Data shown »
►

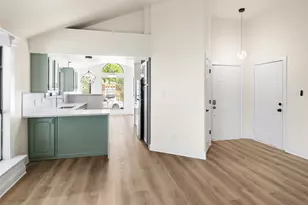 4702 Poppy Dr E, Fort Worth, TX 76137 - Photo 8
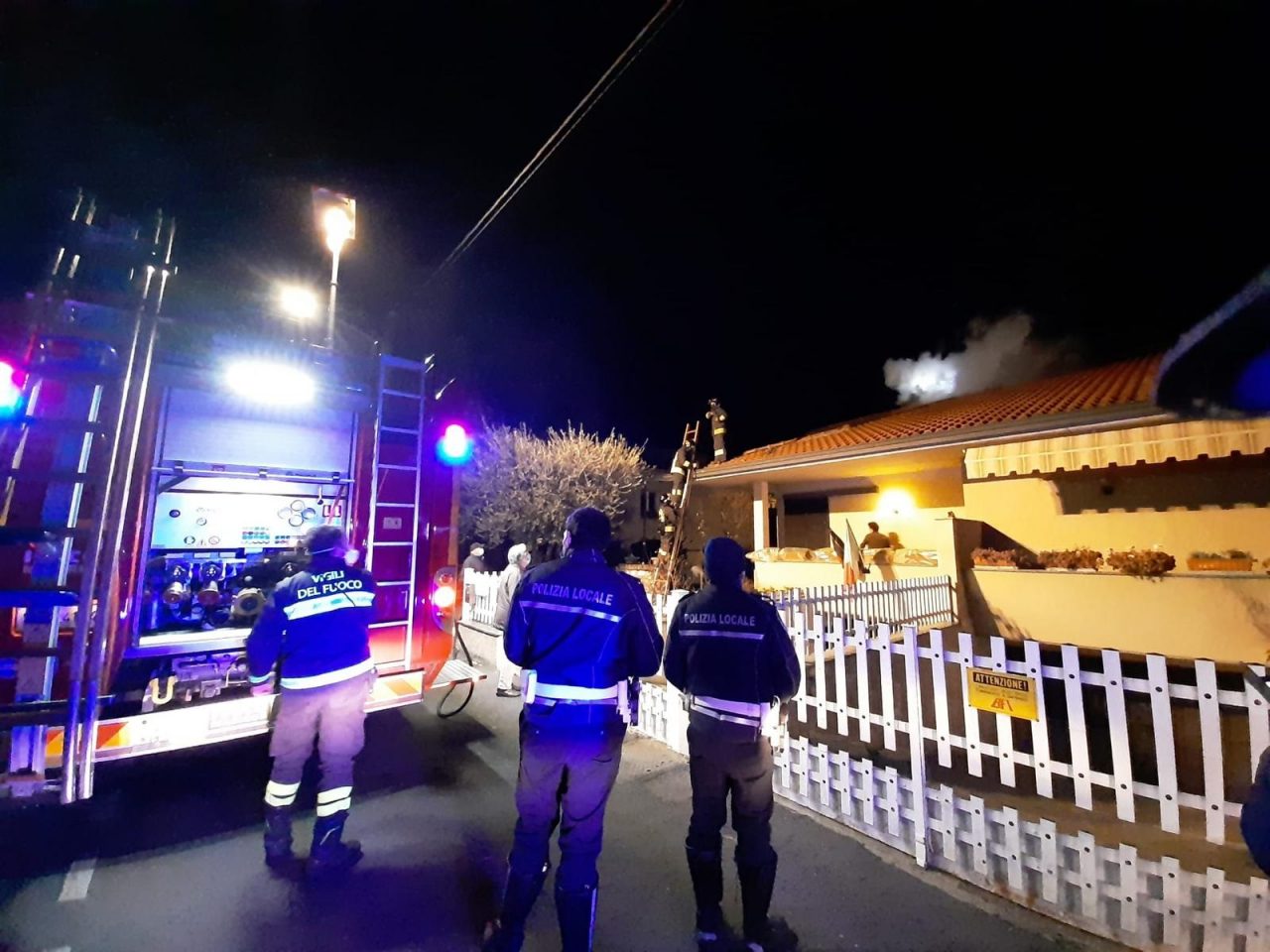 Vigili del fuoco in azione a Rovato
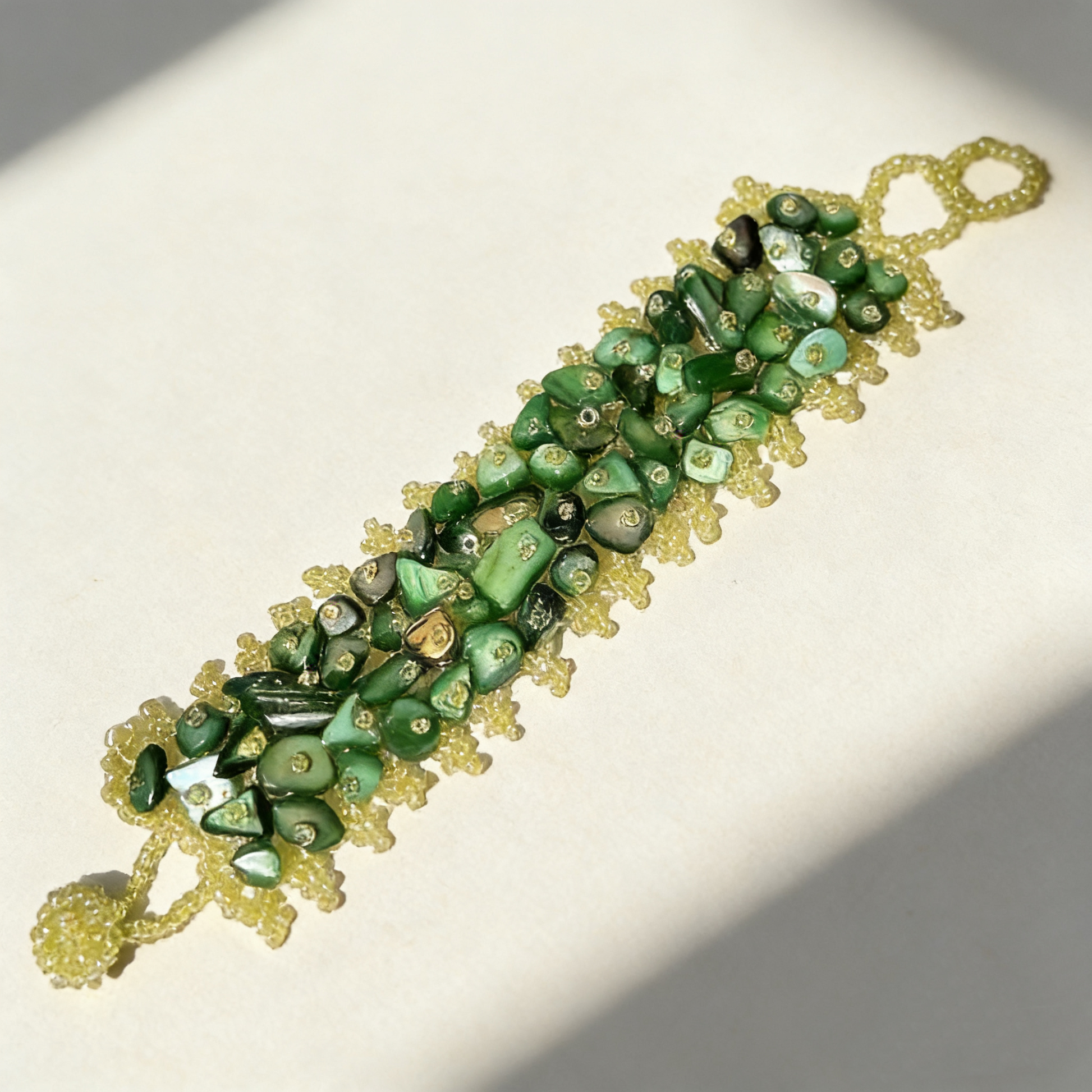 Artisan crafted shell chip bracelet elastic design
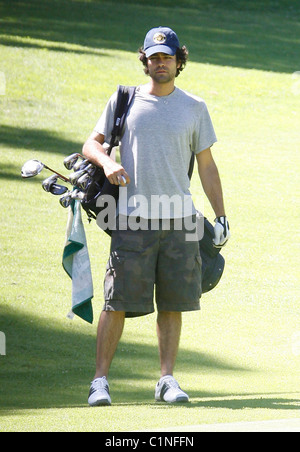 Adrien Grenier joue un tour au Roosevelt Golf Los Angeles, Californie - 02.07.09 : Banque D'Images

◄

Task instructions » All of the listing is to be written out exactly, with the pictures left out.

Response for this exercise »
 4702 Poppy Dr E, Fort Worth, TX 76137 - Photo 8
 Vigili del fuoco in azione a Rovato
 Artisan crafted shell chip bracelet elastic design
 Adrien Grenier joue un tour au Roosevelt Golf Los Angeles, Californie - 02.07.09 : Banque D'Images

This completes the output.